• [Listed records]
□ □ □ □

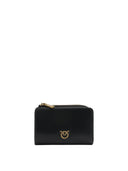 Pinko Wallets & Card Holders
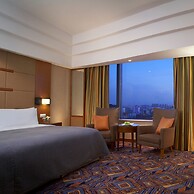 Shangri-La Baotou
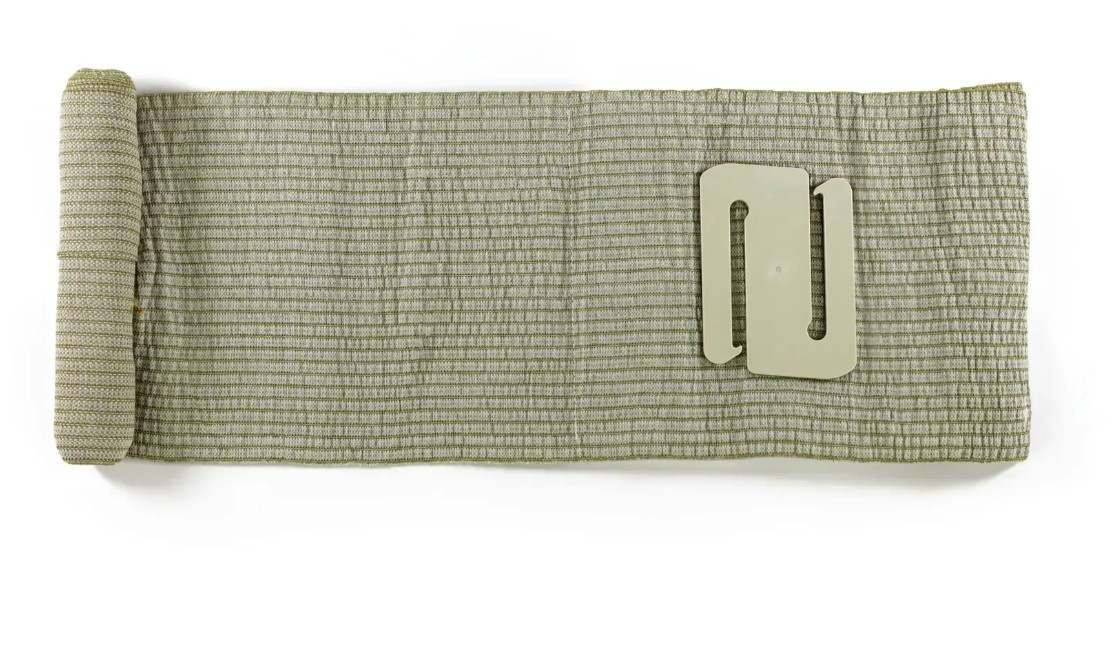 7609633532_bandazh-hartmann-trauma Бандаж HARTMANN TRAUMA BANDAGE 15 см - Зображення 1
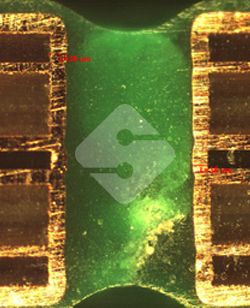 中国·1277星际电子游戏(股份有限公司)-Official website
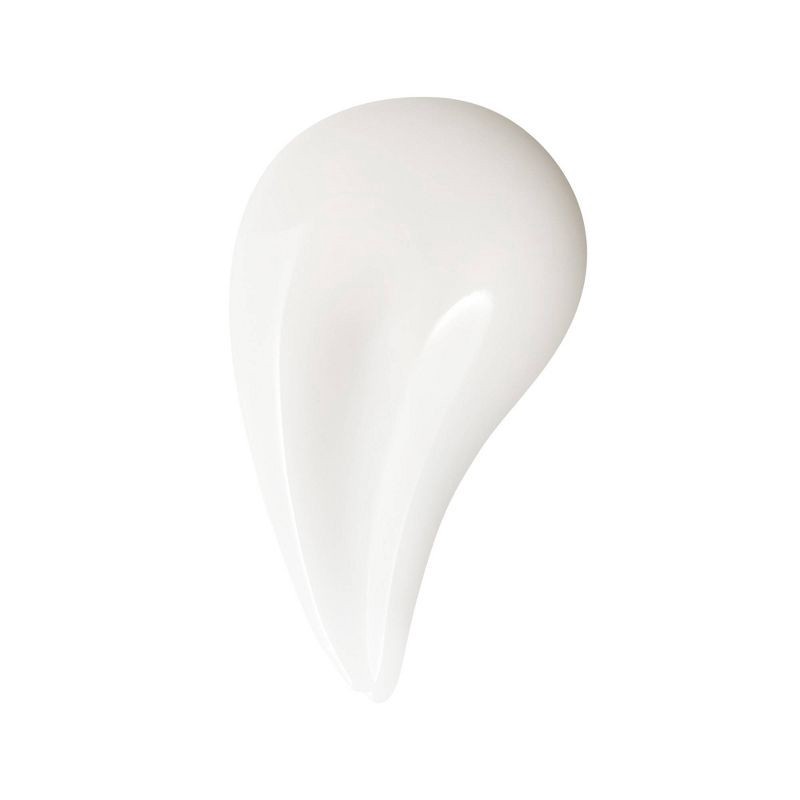 slide 6 of 6, Benefit Cosmetics The Porefessional Matte Blurring Loose Setting Powder Mini - 0.28oz - Ulta Beauty, 2.05 oz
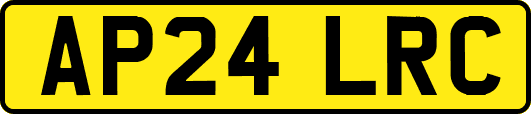 AP24LRC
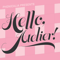 Hello Atelier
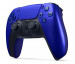 Kontroler bezprzewodowy SONY DualSense Cobalt Blue - Galeria zdjęcie 2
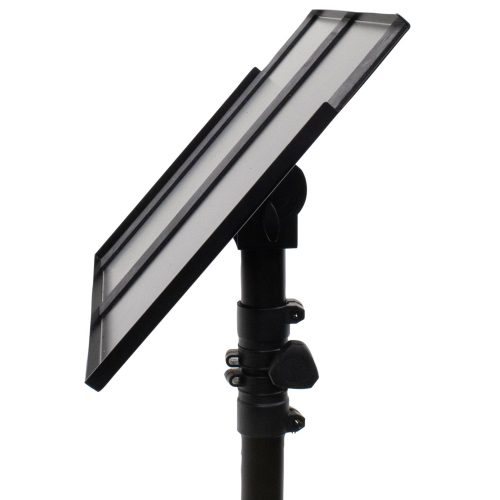 Odyssey Versatile Tripod Gear Stand - Image 7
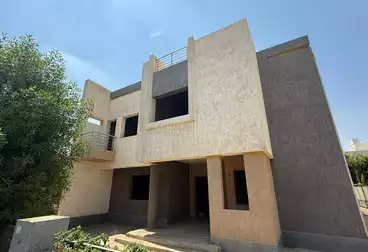 Villas For sale - 6 rooms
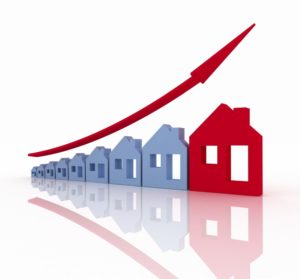 Rising Rental Home Rates Good Sign for Richmond Real Estate Investors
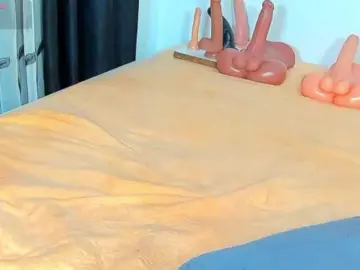 Bongacams Sex Chat of Deliciousbizt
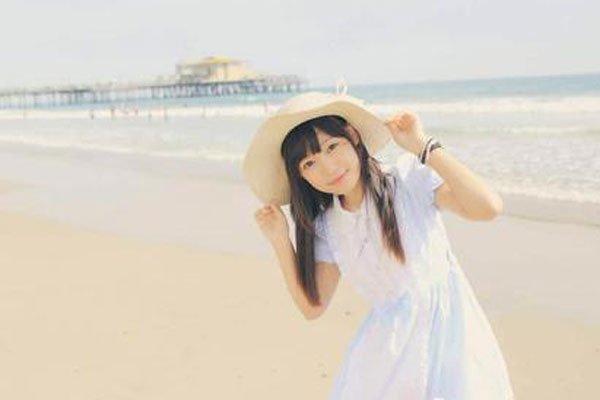 ��ž���ʦ310��ϵ �����Ƭ����齨��ͥ��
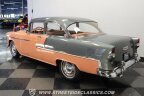 Thumbnail Photo 6 for 1955 Chevrolet Bel Air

□ □ □ □

• [Task to carry out]
Your reply should hold only the lines running from the one with "Hello Atelier" to the end of the data above, set down exactly, pictures omitted.

• [Result of this task]
 Hello Atelier
 Kontroler bezprzewodowy SONY DualSense Cobalt Blue - Galeria zdjęcie 2
 Odyssey Versatile Tripod Gear Stand - Image 7
 Villas For sale - 6 rooms
 Rising Rental Home Rates Good Sign for Richmond Real Estate Investors
 Bongacams Sex Chat of Deliciousbizt
 ��ž���ʦ310��ϵ �����Ƭ����齨��ͥ��
 Thumbnail Photo 6 for 1955 Chevrolet Bel Air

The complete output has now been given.